Sir Frederick Mills, 1st Baronet

Sir Frederick Mills, 1st Baronet, DL (23 April 1865 – 22 December 1953) was a British iron and steel manufacturer and Conservative Party politician. He was a Member of Parliament (MP) from 1931 to 1945.

Portrait of Frederick Mills by Christopher Williams (1914)

Mills was born in Sunderland. He was educated at Dr Robertson's Private Academy and Durham College of Science, both in Newcastle upon Tyne. He was apprenticed at Palmers of Jarrow and then became an official of the South Durham Steel Company at Stockton-on-Tees. In 1896 he was appointed works manager of the Glasgow Iron Company's steelworks at Wishaw and in 1900 he moved to the Ebbw Vale Steel Iron and Coal Company as a departmental manager. By 1910 he was managing director and in November 1919 he became chairman in succession to Sir Charles Allen. During the First World War he not only directed one of the most important steel companies in Britain, but was also largely responsible for raising the Monmouthshire battalions of the South Wales Borderers. During the peace negotiations he represented British interests on the Steel Commission.
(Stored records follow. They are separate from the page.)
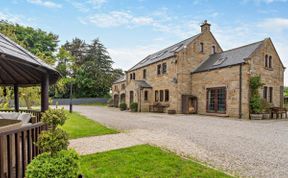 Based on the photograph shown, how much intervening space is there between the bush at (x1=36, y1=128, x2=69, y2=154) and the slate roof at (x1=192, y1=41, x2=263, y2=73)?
52.1 feet

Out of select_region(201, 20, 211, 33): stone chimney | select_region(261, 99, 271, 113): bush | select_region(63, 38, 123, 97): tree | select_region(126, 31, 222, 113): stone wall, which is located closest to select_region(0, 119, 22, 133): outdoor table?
select_region(126, 31, 222, 113): stone wall

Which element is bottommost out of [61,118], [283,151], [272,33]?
[283,151]

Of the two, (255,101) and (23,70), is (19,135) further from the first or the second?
(255,101)

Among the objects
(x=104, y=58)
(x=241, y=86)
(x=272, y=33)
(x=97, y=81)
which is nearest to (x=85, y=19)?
(x=241, y=86)

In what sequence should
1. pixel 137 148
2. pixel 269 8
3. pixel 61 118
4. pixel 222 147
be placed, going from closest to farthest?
pixel 61 118, pixel 137 148, pixel 222 147, pixel 269 8

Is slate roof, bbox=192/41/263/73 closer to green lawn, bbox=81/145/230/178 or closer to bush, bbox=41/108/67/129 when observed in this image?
green lawn, bbox=81/145/230/178

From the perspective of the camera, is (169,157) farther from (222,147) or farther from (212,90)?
(212,90)

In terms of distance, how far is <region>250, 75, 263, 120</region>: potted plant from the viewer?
1478 cm

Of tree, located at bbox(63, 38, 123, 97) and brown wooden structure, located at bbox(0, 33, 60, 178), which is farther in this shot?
tree, located at bbox(63, 38, 123, 97)

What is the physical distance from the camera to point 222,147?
6.34 meters

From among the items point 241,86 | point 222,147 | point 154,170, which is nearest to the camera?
point 154,170

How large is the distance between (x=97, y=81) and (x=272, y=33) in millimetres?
32214

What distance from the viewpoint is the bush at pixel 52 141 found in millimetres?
2827

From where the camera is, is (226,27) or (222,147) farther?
(226,27) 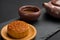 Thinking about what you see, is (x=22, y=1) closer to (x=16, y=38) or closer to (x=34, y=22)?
(x=34, y=22)

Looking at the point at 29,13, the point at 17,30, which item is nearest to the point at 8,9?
the point at 29,13

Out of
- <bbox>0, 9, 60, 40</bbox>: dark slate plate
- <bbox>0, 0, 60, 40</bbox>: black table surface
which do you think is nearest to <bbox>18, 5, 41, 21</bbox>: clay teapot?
<bbox>0, 9, 60, 40</bbox>: dark slate plate

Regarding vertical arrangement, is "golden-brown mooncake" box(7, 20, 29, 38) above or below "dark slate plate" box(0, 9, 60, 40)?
above

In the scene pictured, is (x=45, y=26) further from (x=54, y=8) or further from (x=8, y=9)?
(x=8, y=9)

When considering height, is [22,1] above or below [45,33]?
below

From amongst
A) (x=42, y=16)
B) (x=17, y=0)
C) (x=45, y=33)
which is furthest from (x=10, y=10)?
(x=45, y=33)

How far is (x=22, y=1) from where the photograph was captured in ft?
5.07

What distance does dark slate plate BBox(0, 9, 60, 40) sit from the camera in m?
0.71

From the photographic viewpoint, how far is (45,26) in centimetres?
78

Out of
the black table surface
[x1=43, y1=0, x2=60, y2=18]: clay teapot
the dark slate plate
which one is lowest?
the black table surface

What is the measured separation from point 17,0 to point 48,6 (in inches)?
29.3

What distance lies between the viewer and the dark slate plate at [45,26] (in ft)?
2.35

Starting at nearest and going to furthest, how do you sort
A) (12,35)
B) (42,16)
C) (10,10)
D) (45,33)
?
(12,35), (45,33), (42,16), (10,10)

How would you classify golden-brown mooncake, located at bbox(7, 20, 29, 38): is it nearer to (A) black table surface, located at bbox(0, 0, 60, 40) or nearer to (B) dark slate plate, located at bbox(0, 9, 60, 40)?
(B) dark slate plate, located at bbox(0, 9, 60, 40) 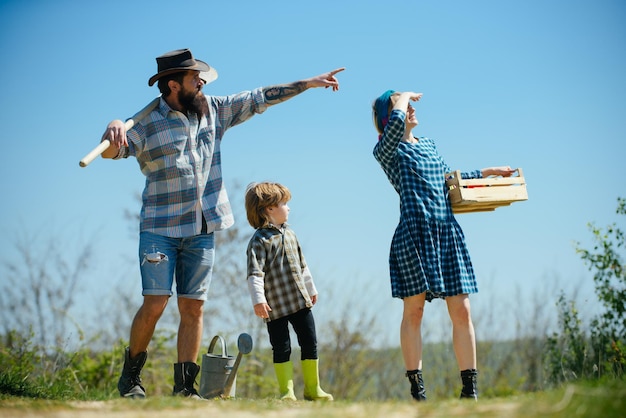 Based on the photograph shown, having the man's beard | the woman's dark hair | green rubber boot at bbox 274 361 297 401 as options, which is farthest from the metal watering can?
the woman's dark hair

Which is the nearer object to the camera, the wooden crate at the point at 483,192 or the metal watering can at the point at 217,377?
the wooden crate at the point at 483,192

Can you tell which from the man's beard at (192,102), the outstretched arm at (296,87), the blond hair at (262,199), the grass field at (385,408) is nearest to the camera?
the grass field at (385,408)

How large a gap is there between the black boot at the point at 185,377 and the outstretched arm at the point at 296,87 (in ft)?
6.65

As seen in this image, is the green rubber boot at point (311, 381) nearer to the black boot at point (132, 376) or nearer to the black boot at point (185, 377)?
the black boot at point (185, 377)

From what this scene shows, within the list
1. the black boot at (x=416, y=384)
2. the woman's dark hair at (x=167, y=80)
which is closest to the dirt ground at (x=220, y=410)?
the black boot at (x=416, y=384)

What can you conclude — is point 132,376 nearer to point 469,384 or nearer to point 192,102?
point 192,102

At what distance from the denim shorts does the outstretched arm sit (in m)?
1.15

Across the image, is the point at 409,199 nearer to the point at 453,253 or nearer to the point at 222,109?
the point at 453,253

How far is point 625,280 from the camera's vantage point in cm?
796

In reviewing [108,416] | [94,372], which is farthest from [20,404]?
[94,372]

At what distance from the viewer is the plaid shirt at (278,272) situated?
16.4ft

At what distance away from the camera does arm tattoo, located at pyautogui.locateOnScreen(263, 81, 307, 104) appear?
5.31 m

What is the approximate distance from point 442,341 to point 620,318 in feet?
7.34

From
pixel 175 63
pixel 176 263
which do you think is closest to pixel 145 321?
pixel 176 263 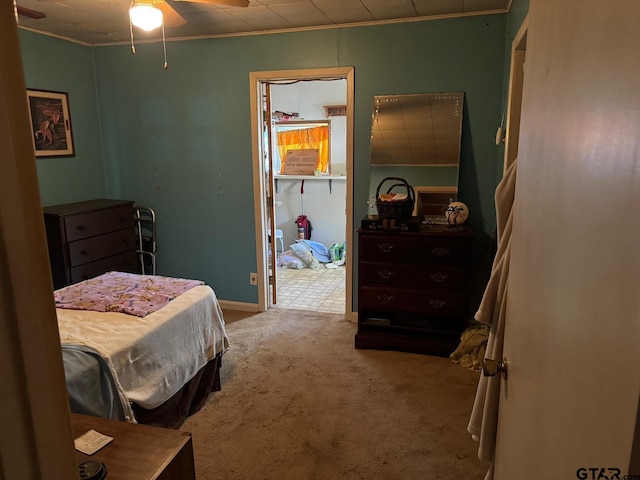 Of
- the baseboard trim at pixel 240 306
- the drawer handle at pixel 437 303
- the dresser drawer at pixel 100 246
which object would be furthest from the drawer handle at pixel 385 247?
the dresser drawer at pixel 100 246

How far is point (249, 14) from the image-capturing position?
306cm

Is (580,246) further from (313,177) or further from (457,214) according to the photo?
(313,177)

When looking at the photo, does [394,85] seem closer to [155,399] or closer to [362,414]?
[362,414]

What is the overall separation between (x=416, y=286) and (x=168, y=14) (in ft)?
7.61

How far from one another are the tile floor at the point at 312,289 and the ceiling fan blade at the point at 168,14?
254 centimetres

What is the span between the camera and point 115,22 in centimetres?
324

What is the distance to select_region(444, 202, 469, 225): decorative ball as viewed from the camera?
3113mm

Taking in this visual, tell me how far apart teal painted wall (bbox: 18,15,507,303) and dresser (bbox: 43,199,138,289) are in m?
0.32

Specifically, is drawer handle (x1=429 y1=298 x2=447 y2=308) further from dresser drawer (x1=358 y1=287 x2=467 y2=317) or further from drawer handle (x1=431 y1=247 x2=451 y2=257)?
drawer handle (x1=431 y1=247 x2=451 y2=257)

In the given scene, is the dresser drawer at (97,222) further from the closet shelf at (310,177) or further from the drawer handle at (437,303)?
the drawer handle at (437,303)

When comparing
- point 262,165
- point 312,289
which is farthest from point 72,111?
point 312,289

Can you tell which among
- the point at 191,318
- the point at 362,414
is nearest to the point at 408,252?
the point at 362,414

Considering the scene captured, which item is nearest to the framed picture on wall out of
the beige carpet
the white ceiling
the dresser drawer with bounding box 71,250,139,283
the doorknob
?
the white ceiling

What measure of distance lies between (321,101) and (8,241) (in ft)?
19.0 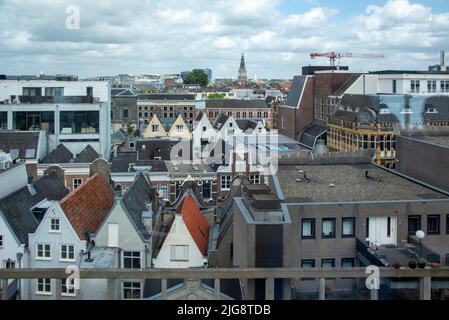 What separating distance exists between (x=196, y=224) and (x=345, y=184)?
269 inches

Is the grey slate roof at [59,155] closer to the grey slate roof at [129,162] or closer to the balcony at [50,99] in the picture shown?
the grey slate roof at [129,162]

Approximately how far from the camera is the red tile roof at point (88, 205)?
77.3 feet

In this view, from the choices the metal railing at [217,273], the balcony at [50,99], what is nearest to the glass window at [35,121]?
the balcony at [50,99]

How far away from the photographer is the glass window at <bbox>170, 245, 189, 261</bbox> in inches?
956

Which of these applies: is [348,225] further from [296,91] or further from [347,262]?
[296,91]

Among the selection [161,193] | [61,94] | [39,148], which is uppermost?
[61,94]

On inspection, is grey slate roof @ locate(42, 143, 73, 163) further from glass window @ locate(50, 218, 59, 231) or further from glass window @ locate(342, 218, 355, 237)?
glass window @ locate(342, 218, 355, 237)

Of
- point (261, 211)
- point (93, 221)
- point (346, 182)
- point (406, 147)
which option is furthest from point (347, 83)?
point (261, 211)

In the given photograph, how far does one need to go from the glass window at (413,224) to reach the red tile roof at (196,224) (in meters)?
8.22

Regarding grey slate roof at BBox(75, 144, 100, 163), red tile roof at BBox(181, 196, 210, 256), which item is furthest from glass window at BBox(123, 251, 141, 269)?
grey slate roof at BBox(75, 144, 100, 163)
For these services he was created a baronet, of Ebbw Vale in the county of Monmouthshire, in the 1921 New Year Honours.[1]

After the war the world steel market collapsed and throughout the 1920s the Ebbw Vale Steel, Coal and Iron Company struggled to stay afloat. Mills stood down as chairman, but was persuaded to rejoin the board as managing director. He finally retired in 1929.
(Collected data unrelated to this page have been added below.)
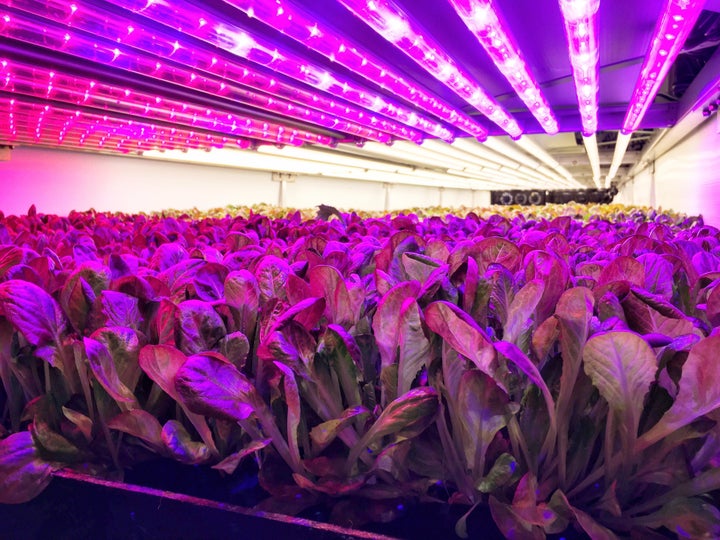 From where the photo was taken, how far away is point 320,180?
19594 mm

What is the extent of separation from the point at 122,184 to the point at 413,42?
11.2 m

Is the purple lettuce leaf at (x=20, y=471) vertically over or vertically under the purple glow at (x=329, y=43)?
under

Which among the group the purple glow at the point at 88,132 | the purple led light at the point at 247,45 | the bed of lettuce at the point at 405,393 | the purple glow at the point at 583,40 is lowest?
the bed of lettuce at the point at 405,393

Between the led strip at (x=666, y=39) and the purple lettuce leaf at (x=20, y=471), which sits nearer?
the purple lettuce leaf at (x=20, y=471)

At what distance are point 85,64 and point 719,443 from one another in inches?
226

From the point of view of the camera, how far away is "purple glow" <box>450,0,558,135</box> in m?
3.21

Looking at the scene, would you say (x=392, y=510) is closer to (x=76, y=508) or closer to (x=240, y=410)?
(x=240, y=410)

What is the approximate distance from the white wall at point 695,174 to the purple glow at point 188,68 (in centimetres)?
444

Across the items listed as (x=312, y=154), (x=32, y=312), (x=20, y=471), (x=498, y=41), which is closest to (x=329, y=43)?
(x=498, y=41)

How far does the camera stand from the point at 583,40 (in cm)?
378

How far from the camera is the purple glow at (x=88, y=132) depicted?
660 cm

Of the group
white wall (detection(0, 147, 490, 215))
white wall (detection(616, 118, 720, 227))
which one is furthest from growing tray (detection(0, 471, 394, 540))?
white wall (detection(0, 147, 490, 215))

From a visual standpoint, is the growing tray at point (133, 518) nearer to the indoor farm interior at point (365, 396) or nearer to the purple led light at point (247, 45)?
the indoor farm interior at point (365, 396)

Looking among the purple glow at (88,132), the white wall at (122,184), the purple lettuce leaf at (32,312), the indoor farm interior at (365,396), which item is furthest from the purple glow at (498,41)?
the white wall at (122,184) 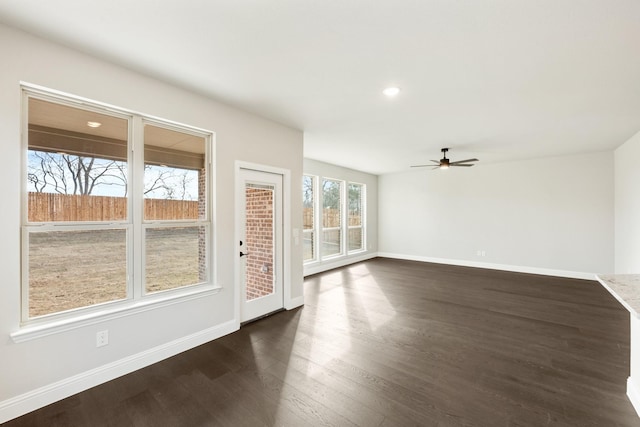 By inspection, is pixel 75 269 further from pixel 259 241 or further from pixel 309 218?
pixel 309 218

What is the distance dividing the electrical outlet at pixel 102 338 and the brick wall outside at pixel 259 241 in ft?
4.91

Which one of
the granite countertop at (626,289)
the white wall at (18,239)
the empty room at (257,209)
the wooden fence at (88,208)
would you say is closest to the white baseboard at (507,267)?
the empty room at (257,209)

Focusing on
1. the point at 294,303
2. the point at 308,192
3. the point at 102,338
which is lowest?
the point at 294,303

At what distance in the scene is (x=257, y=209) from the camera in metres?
3.74

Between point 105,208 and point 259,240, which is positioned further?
point 259,240

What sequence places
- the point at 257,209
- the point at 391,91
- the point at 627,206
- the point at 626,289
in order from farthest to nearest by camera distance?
the point at 627,206
the point at 257,209
the point at 391,91
the point at 626,289

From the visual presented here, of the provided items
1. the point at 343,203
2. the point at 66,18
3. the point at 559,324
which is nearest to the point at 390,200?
the point at 343,203

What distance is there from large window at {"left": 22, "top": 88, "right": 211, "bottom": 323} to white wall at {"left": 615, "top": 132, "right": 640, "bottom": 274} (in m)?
5.96

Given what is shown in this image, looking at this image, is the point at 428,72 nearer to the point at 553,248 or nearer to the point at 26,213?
the point at 26,213

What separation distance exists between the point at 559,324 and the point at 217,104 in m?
4.85

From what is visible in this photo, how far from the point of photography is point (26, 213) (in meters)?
2.06

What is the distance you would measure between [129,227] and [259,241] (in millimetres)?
1528

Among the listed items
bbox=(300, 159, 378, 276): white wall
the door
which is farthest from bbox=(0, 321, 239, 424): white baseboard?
bbox=(300, 159, 378, 276): white wall

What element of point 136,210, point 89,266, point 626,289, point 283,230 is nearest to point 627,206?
point 626,289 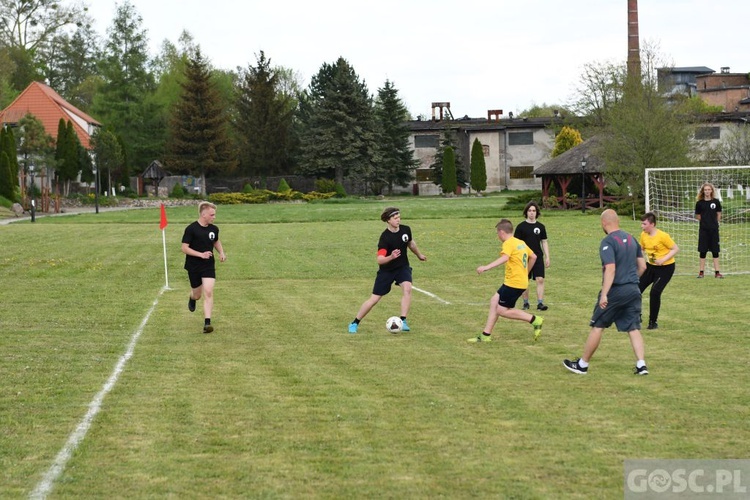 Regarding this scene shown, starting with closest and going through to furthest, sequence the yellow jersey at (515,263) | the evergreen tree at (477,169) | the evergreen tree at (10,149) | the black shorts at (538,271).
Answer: the yellow jersey at (515,263), the black shorts at (538,271), the evergreen tree at (10,149), the evergreen tree at (477,169)

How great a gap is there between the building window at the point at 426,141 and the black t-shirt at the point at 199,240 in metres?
86.7

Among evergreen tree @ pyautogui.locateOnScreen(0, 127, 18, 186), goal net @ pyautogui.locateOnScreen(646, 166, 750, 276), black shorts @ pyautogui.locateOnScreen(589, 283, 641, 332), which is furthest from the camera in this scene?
evergreen tree @ pyautogui.locateOnScreen(0, 127, 18, 186)

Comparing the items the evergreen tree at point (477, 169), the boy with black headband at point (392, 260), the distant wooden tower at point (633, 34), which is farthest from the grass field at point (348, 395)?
the evergreen tree at point (477, 169)

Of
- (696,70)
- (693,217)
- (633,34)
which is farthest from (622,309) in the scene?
(696,70)

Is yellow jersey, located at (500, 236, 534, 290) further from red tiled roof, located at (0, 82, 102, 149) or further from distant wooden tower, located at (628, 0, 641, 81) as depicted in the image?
red tiled roof, located at (0, 82, 102, 149)

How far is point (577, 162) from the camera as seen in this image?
60.5 m

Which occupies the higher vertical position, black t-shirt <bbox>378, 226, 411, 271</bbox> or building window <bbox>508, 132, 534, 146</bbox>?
building window <bbox>508, 132, 534, 146</bbox>

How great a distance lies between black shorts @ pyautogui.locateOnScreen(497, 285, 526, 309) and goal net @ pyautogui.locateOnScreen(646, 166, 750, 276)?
1164 cm

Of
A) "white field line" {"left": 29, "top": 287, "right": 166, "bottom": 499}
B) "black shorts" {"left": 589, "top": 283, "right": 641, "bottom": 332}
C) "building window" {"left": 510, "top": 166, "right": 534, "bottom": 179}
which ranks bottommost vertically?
"white field line" {"left": 29, "top": 287, "right": 166, "bottom": 499}

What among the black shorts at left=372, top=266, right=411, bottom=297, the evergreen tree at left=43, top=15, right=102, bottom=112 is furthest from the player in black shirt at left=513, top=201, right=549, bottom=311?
the evergreen tree at left=43, top=15, right=102, bottom=112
He was appointed High Sheriff of Monmouthshire for 1912 and was elected at the 1931 general election as MP for Leyton East, defeating the sitting Labour MP Fenner Brockway by nearly 7,000 votes. He held the seat at the 1935 general election, with his majority cut to 329, and represented the constituency until he retired at the 1945 election at the age of eighty.

Family

He married Anne Hamilton, daughter of Reverend James Hamilton.[2]

Footnotes

  1. "No. 32178". The London Gazette (Supplement). 31 December 1920. p. 2.